How to Set Your Standards

Your standards include your values and performance expectations. They represent what’s important to you, what you stand for, and where you draw the line.

You’ve had standards to follow in the military and your professional life. What about setting them for yourself and your future?

Doing so helps you determine what organizations and people deserve your support, how to tell if something is a good fit for you, and how you decide to act when facing complex issues that don’t seem to have a clear right or wrong answer.

Four tools can help you determine, define, and practice your standards.

First, decide what values are most important to you.

To do that, you need a system of principles or virtues that you prioritize and then select supporting values. Most religions and philosophies have such systems.

I’ve developed this quiz that uses the ancient Greco-Roman Cardinal Virtues of Wisdom, Justice, Courage, and Self-Discipline. The questions help you determine the two most important principles and corresponding values.

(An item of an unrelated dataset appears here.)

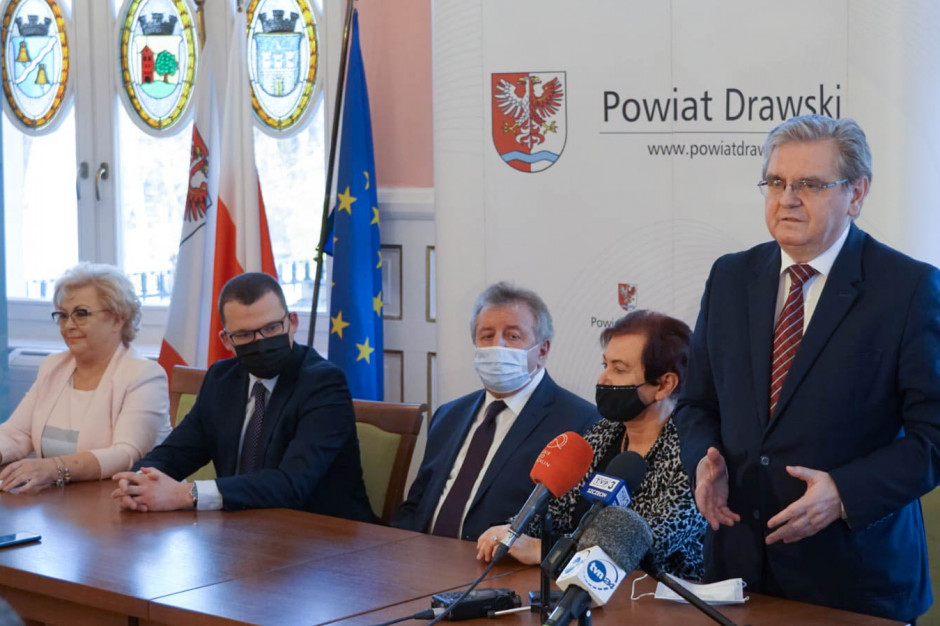 Wiceminister Sefernaker wziął udział w otwarciu Centrum Zdrowia Psychicznego dla mieszkańców powiatów drawskiego, łobeskiego i świdwińskiego (fot. TT/MSWiA)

Once you have decided on your top three to five values, you should also set your most crucial performance expectations. These are likely to change over time. For example, you might state that you want to exercise at least three days per week to maintain your physical well-being.

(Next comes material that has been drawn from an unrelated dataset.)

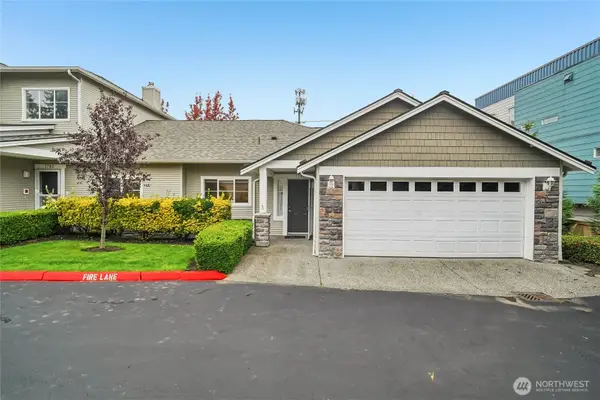 7791 NE 122nd Lane #4, Kirkland, WA 98034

Second, apply the simple “X so that Y” formula to each standard.

Here are some examples:

  • Treat people with respect so that each person feels welcome and valued.
  • Build trust so that people can rely on you to do X, Y, Z.
  • Eat dinner with my family five times a week and have a quality conversation so that we come closer as a family, develop critical thinking skills, and encourage each other to speak our minds respectfully

Third, use the pressure gauge to flesh out these standards.

As you can see from the picture, the pressure gauge has three sections. Yellow and red depict unacceptable in terms of underperformance or excessive pressure, and green indicates what acceptable looks like.

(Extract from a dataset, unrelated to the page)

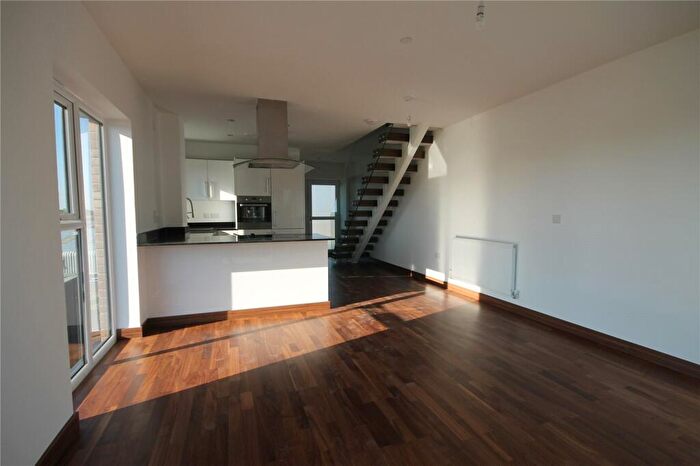 2 Bedroom Duplex To Rent In Flamsteed Close, Cambridge, CB1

set your standards pressure gauge

The above illustration of Respect includes two examples of too little respect, what excessive pressure looks like, and two examples of just right.

Finally, identify a personal exemplar of the standard.

This gives you a clear model of the desired behavior. In terms of respect, my models are former Under Secretary of Defense Michele Flournoy and Retired Army General Stand McChrystal. They always treated everyone as valuable individuals and gave the person they interacted with their full attention.

How well is this process working for you?